One approach to this problem is called *sensitivity analysis*. It's been used a lot in computer graphics by folks like David Levin and Bernhard Thomaszewski. The idea is to start with *feasible* design parameters \(p_0\). That is, parameters that satisfy our constraint function \(g\):

$$ g(x(p_0),p_0) = 0. $$

The goal now is to improve these parameters with respect to minimizing the objective \(f\) while maintaining feasibility (maintaining \(g=0\)). In other words, we'd like our change in parameters \( ∆p \) to keep us at \(g = 0\). Or in other words, we'd like that total derivative of the constraint \(g\) with respect to our parameters \(p\) is zero (i.e., zero plus no change is still zero):

$$ \frac{d g}{d p} = 0.$$

This total derivative is composed of the partial derivatives of the constraint with respect to the parameters \(p\) and the partial derivatives of the constraint with respect to the design \(x\) and applying the chain rule the partial derivative of the design \(x\) with respect to the parameters \(p\):

$$ \frac{d g}{d p} = \frac{∂ g}{∂ p} + \frac{∂ g}{∂ x} \frac{∂ x}{∂ p}. $$

Let's pause for a second and do a dimensionality check. Suppose we have \(m\) parameters (i.e., \(p\in\mathbb{R}^m\)), our design is represented as an \(n\) vector (i.e., \(x \in \mathbb{R}^n\)), and finally we have \(k\) constraints (i.e., \(g(x(p),p) : \mathbb{R}^{n \times m} \rightarrow \mathbb{R}^k\)). Then our total/partial derivative of the constraints w.r.t. parameters is a \(k\times m\) matrix (i.e., \( \frac{d g}{d p},\frac{∂ g}{∂ p} \in \mathbb{R}^{k \times m}\), similarly the partial derivative of the constraints w.r.t. the design is a \(k \times n\) matrix (i.e., \(\frac{∂ g}{∂ x} \in \mathbb{R}^{k \times n}\) and the partial derivative of the design w.r.t. the parameters is a \(n \times m\) matrix (i.e., \(\frac{∂ x}{∂ p} \in \mathbb{R}^{n \times m}\)). We can verify that our matrix arithmetic above checks out.

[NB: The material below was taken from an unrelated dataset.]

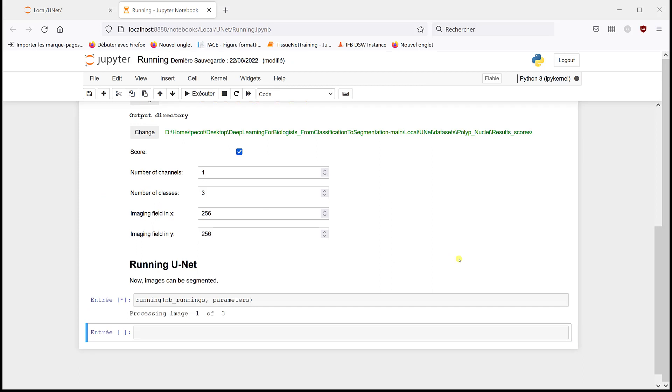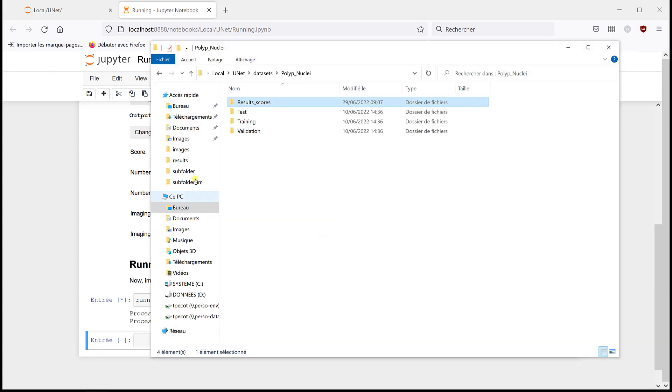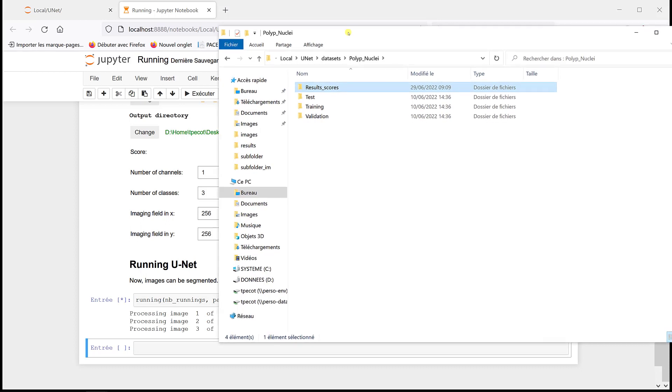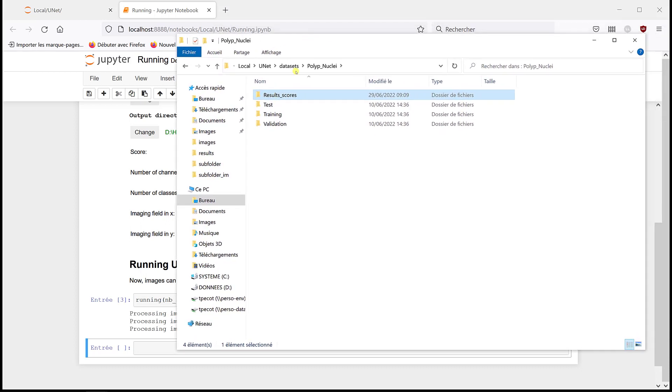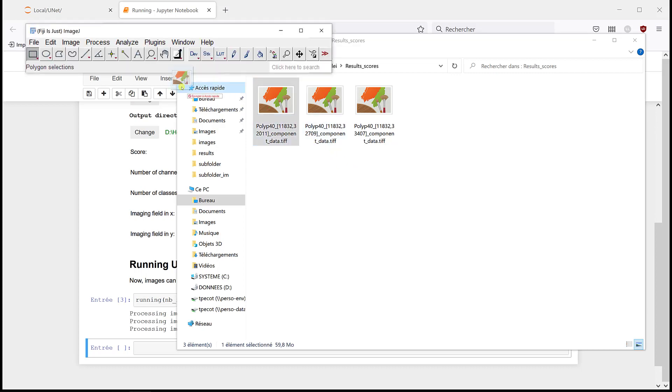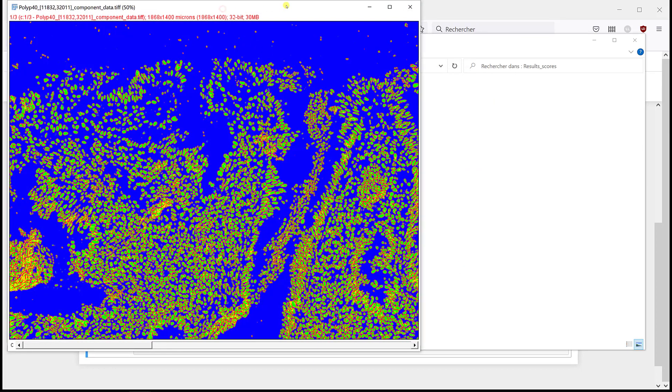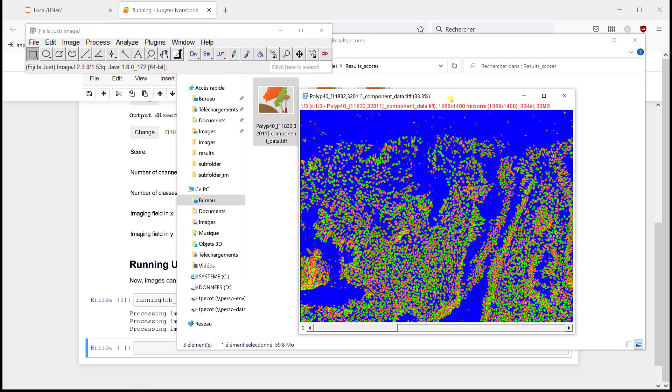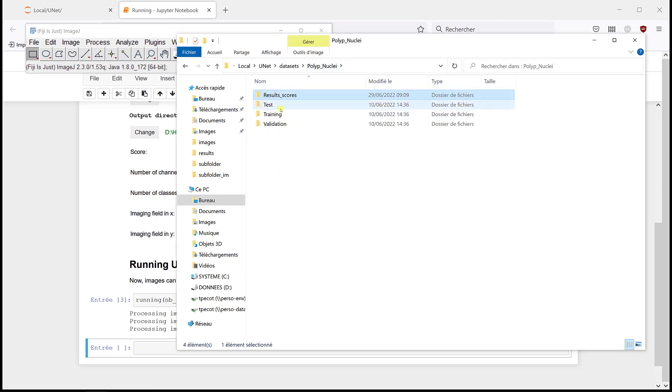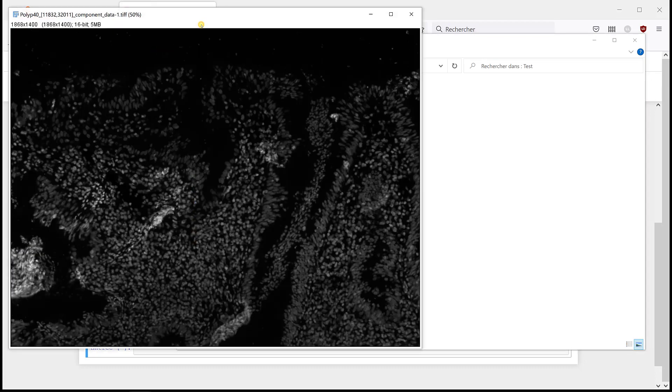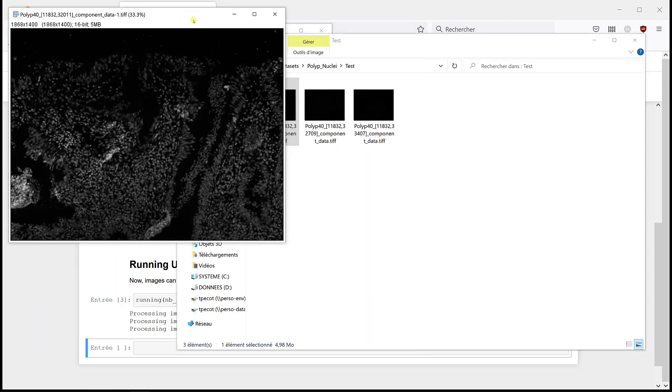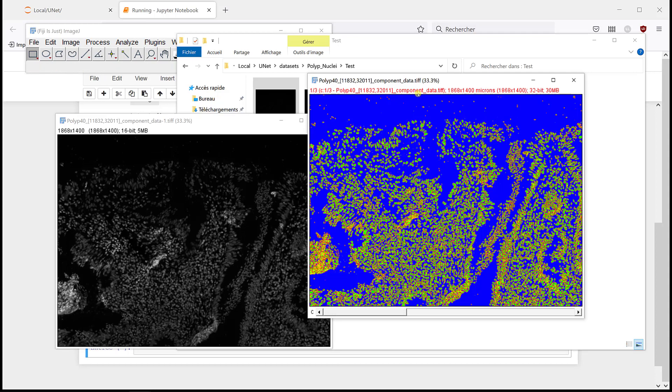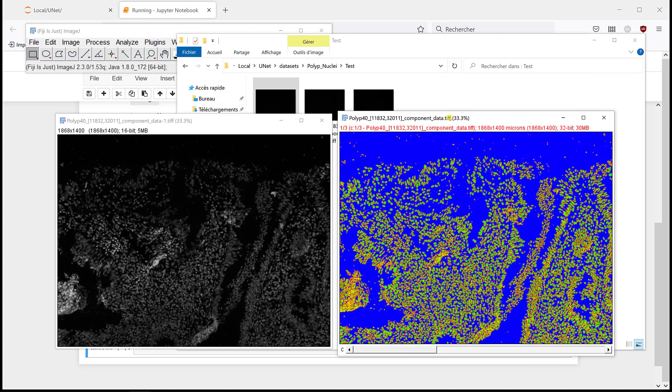It's processing. As usual, the first one takes a little bit more time because it needs to load the level and it goes a little bit faster. So over here, one, two, and three, and it's done. If I go in results scores, I have three images that I can open with Fiji. And let's have a look at what data it is.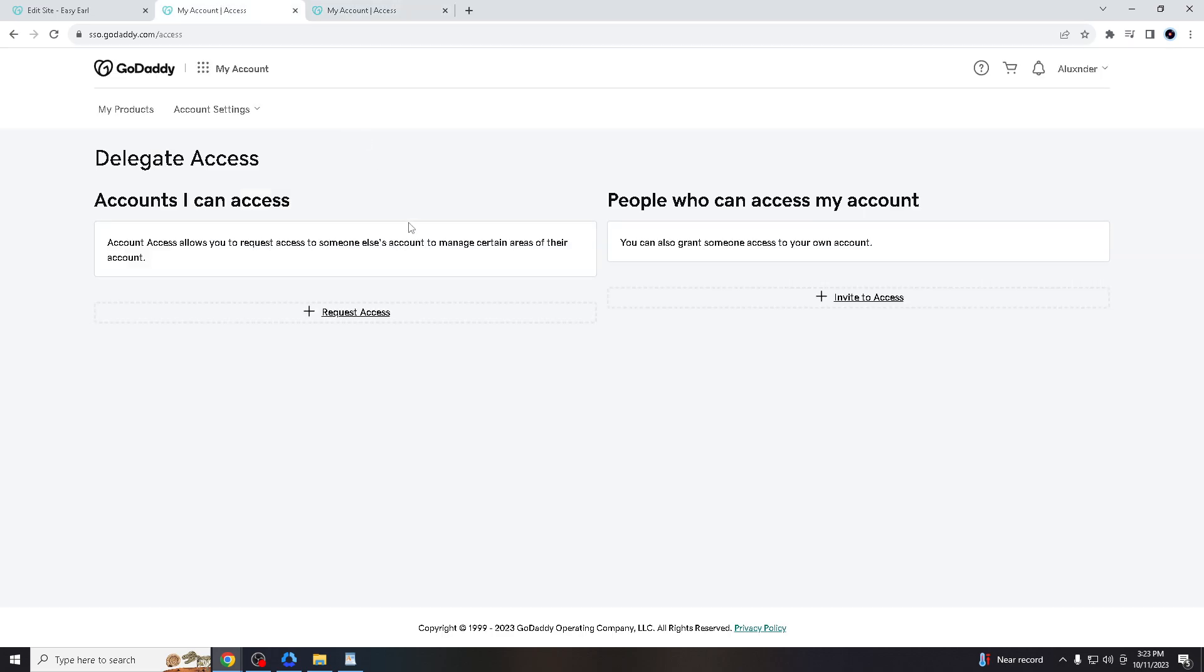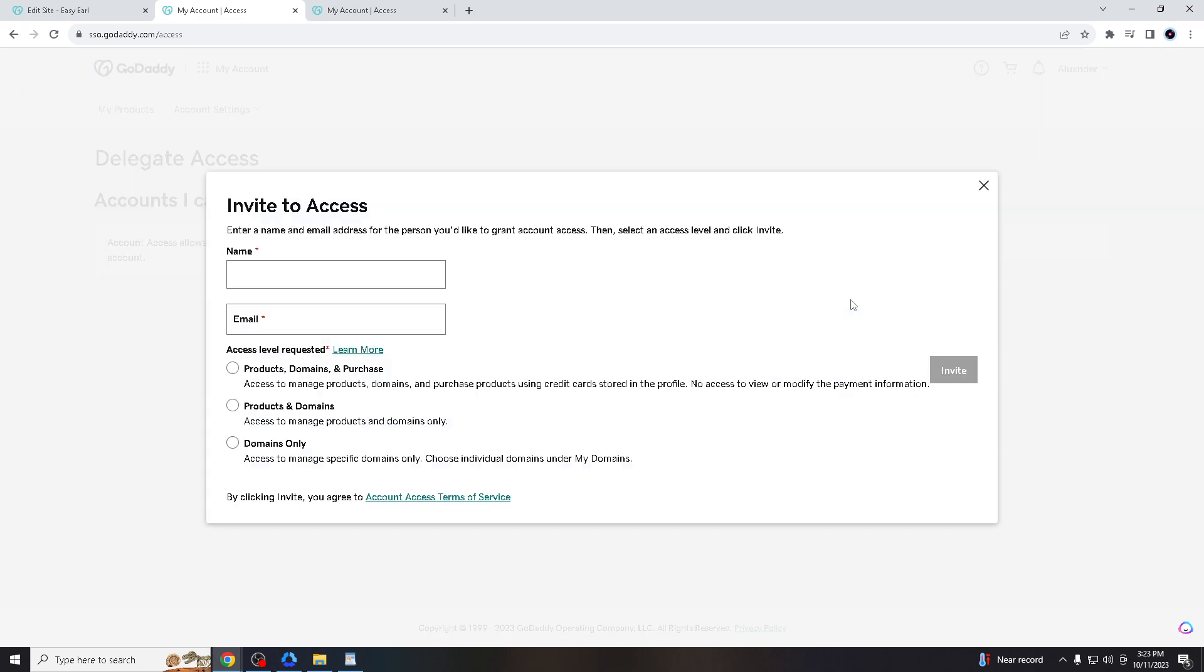Here you have two options: accounts you can access, and the people who can access your account. You can also grant someone access to your own account. You have request access and invite to access. All we have to do is click on invite to access.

We can solve for the change in the design w.r.t. the parameters that keeps this quantity zero:

$$ \frac{∂ g}{∂ p} + \frac{∂ g}{∂ x} \frac{∂ x}{∂ p} = 0 \\ \frac{∂ g}{∂ x} \frac{∂ x}{∂ p} = -\frac{∂ g}{∂ p} \\ \frac{∂ x}{∂ p} = -\left( \frac{∂ g}{∂ x} \right)^{-1} \frac{∂ g}{∂ p}. $$

Remember \(\frac{∂ g}{∂ x}\) is a \(k \times n\) matrix. Numerically we'll construct this matrix but we won't actually compute it's inverse. Instead anytime we read \(A^{-1} B\) we think of this as invoking a *solver* that solves the equation: \(A X = B\).

So far we have found a change in the parameters \(p\). that will maintain (up to first order) satisfaction of our constraints \(g\). The final step is to use this to minimize our objective \(f\). We can use any first-order optimization strategy (e.g., gradient descent, NADAM, quasi-Newton, LBFGS). These rely on computing the gradient of the objective \(f\) with respect to the optimization variables (in our case, the design parameters \(p\)). We can derive these by again invoking the chain rule:

$$ \frac{∂ f}{∂ p} = \frac{∂ f}{∂ x} \frac{∂ x}{∂ p}. $$

Let's pause for a second and do another dimensionality check. The objective function outputs a scalar (i.e., \(f : \mathbb{R}^n \rightarrow \mathbb{R}\), so the partial derivative w.r.t. the design is a \(n\) row vector (i.e., \(\frac{∂ f}{∂ x} \in \mathbb{R}^{1 \times n}\)), which implies that the partial derivative w.r.t. the parameters is a \(m\) row vector (i.e., \(\frac{∂ f}{∂ m} \in \mathbb{R}^{1 \times m}\)).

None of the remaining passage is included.